Metaphase, from the ancient Greek μετα (after) and φασις (stage), is a stage of mitosis in the eukaryotic cell cycle in which condensed chromosomes, carrying genetic information, align in the middle of the cell before being separated into each of the two daughter cells.
Preceded by events in prometaphase and followed by anaphase, microtubules formed in prophase have already found and attached themselves to kinetochores in metaphase. The centromeres of the chromosomes convene themselves on the metaphase plate, an imaginary line that is equidistant from the two centrosome poles. This even alignment is due to the counterbalance of the pulling powers generated by the opposing kinetochores, analogous to a tug of war between equally strong people. In certain types of cells, chromosomes do not line up at the metaphase plate and instead move back and forth between the poles randomly, only roughly lining up along the midline.
Early events of metaphase can coincide with the later events of prometaphase, as chromosomes with connected kinetochores will start the events of metaphase individually before other chromosomes with unconnected kinetochores that are still lingering in the events of prometaphase.
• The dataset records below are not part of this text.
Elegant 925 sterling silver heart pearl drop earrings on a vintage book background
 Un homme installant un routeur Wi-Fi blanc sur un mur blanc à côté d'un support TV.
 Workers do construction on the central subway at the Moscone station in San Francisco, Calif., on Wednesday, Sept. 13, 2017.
One of the cell cycle checkpoints occurs during prometaphase and metaphase. Only after all chromosomes have become aligned at the metaphase plate, when every kinetochore is properly attached to a bundle of microtubules, does the cell enter anaphase. It is thought that unattached or improperly attached kinetochores generate a signal to prevent premature progression to anaphase, even if most of the kinetochores have been attached and most of the chromosomes have been aligned. Such a signal creates the mitotic spindle checkpoint. This would be accomplished by regulation of the Anaphase Promoting Complex, securin, and separase.
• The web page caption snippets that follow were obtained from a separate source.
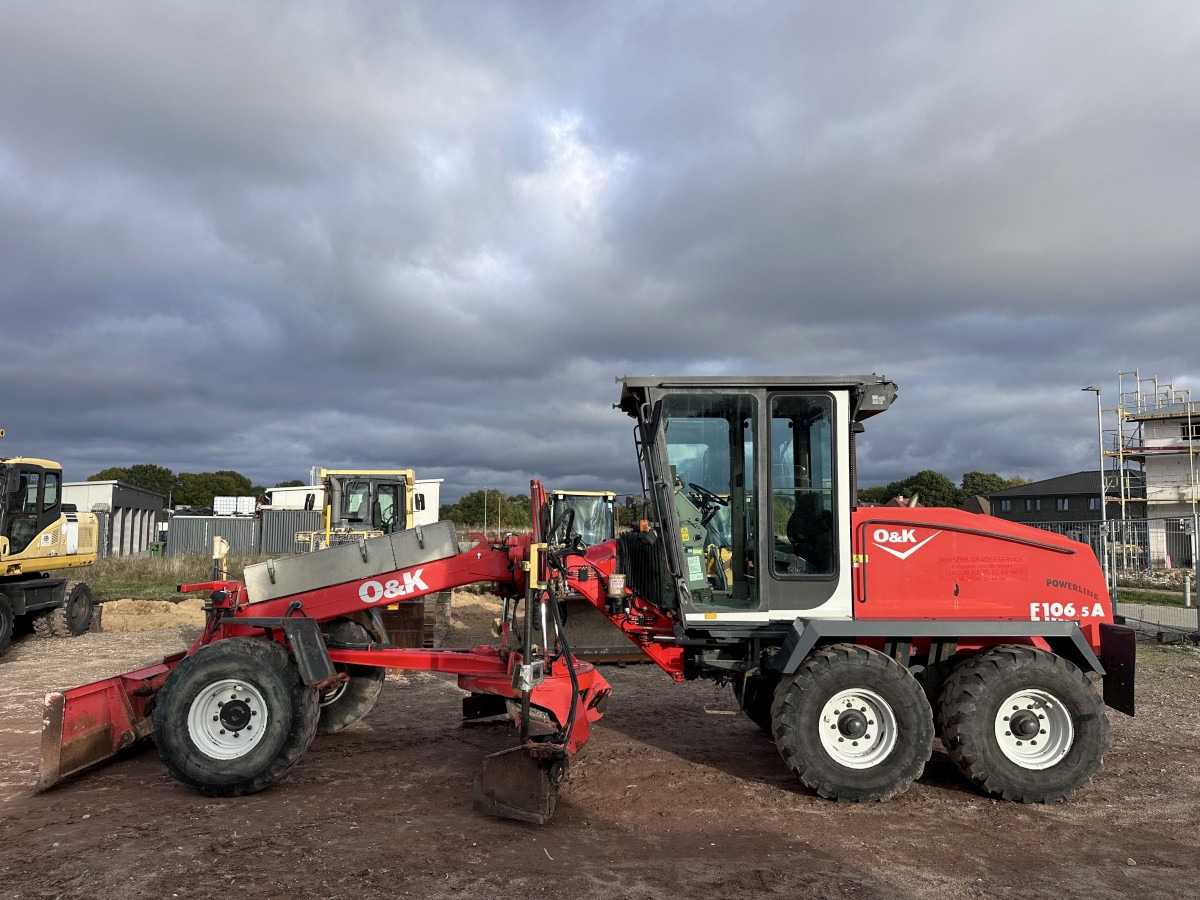 O&K F 106.5 - 6x6 Laser Topcon- Klima Cummins 6 Zyl. - Порамнувач: слика 1 O&K F 106.5 - 6x6 Laser Topcon- Klima Cummins 6 Zyl. - Порамнувач: слика 1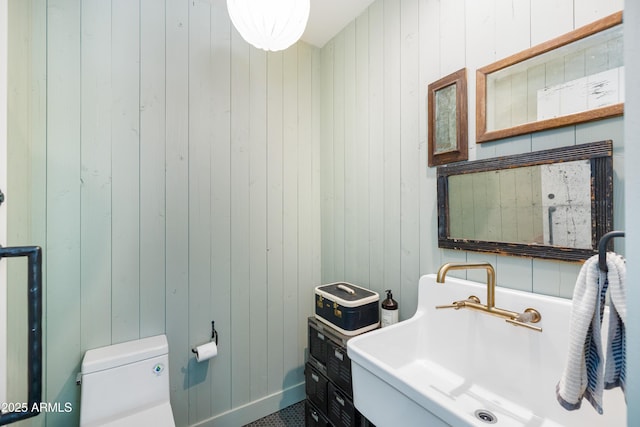 bathroom featuring a sink, toilet, and wooden walls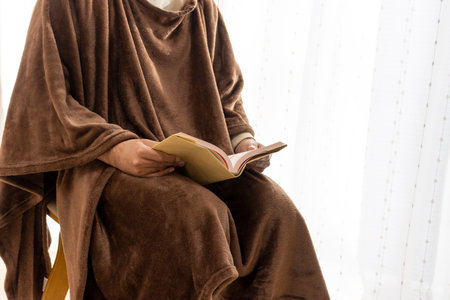 A man reading in a warm fashionの写真素材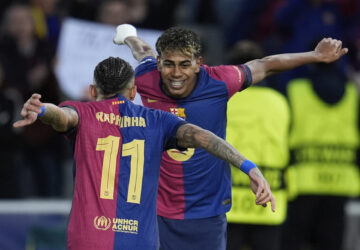 Barcelona's Raphinha, left, celebrates with his teammate Lamine Yamal after scoring his side's opening goal during the Champions League round of 16 second leg soccer match between FC Barcelona and SL Benfica at the Lluis Companys Olympic Stadium in Barcelona, Spain, Tuesday, March 11, 2025. (AP Photo/Emilio Morenatti)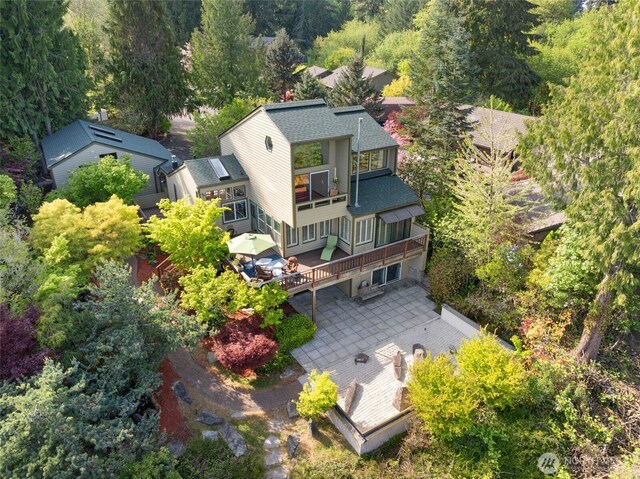 birds eye view of property with a wooded view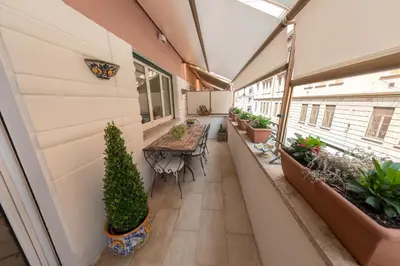 an indoor balcony with tables and potted plants at Gaia's home in Vatican in Rome
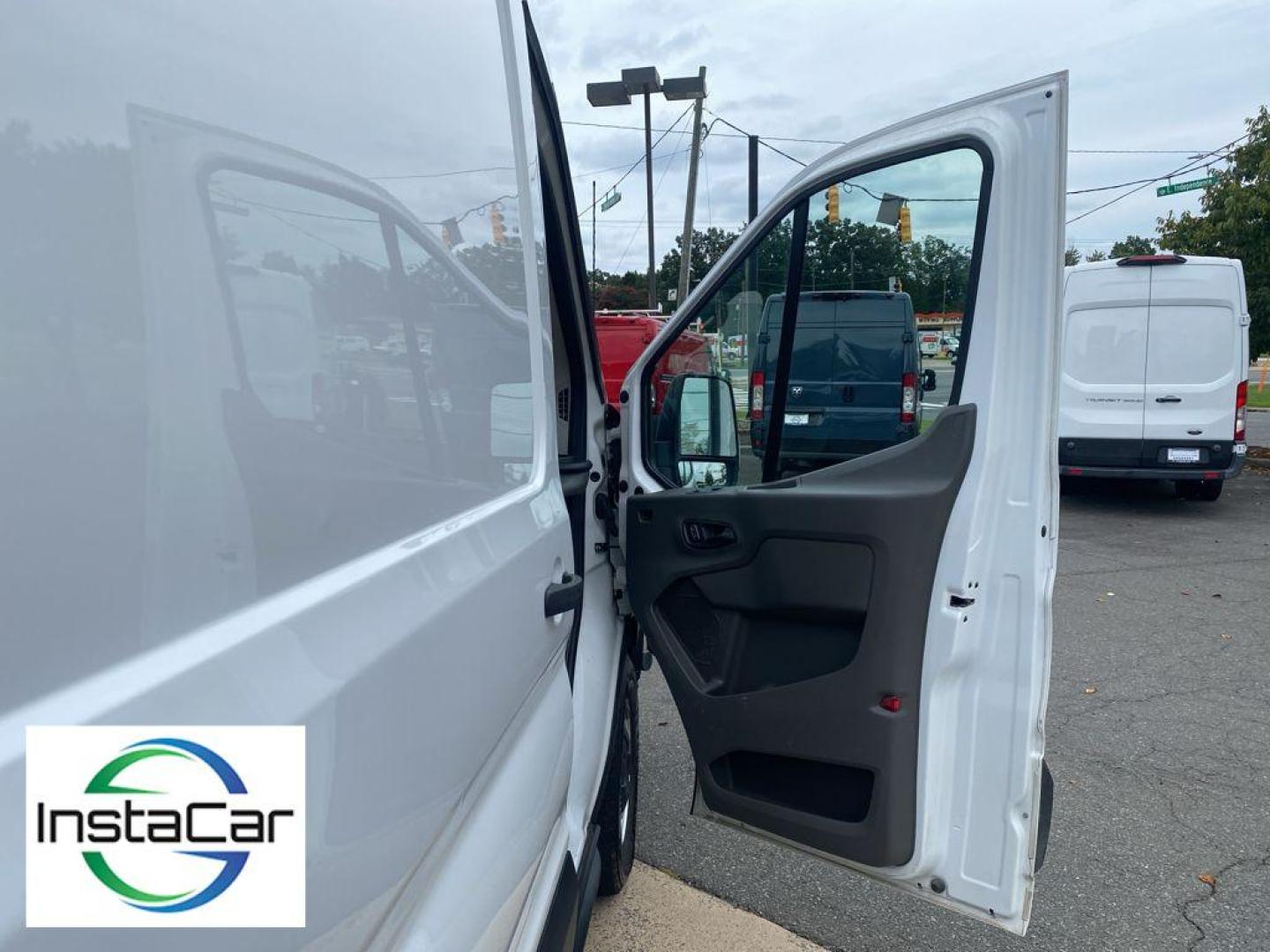 2023 Oxford White /Dark Palazzo Gray Ford Transit Van Base (1FTBR1C87PK) with an V6, 3.5L engine, 10-speed automatic transmission, located at 6520 E. Independence Blvd., Charlotte, NC, 28212, 35.146019, -80.723465 - <b>Equipment</b><br>See what's behind you with the back up camera on this vehicle. This vehicle offers Android Auto for seamless smartphone integration. This model offers Apple CarPlay for seamless connectivity. This vehicle features a hands-free Bluetooth phone system. The rear parking assist techn - Photo#20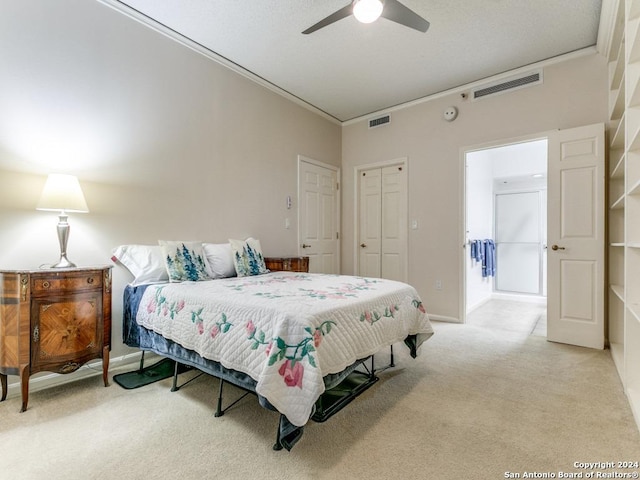 1 Towers Park Ln Unit 503, San Antonio, TX 78209 - bedroom featuring light carpet, baseboards, ornamental molding, a ceiling fan, and a closet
Metaphase in the study of cancer and genetics
The analysis of metaphase chromosomes is one of the main tools of cancer cytogenetics. Malignant cells from solid tumors or leukemia samples are grown in short term culture and dropped onto microscope slides to generate metaphase preparations. Staining of the slides, often with Giemsa or Quinacrine, produces a pattern of in total up to several hundred bands. Inspection of the stained metaphases allows the determination of numerical and structural changes in the tumor cell genome, for example, losses of chromosomal segments or translocations, which may lead to chimeric oncogenes, such as bcr-abl in Chronic myelogenous leukemia.
Additionally, normal metaphase spreads are used as hybridization matrix for comparative genomic hybridization (CGH) experiments.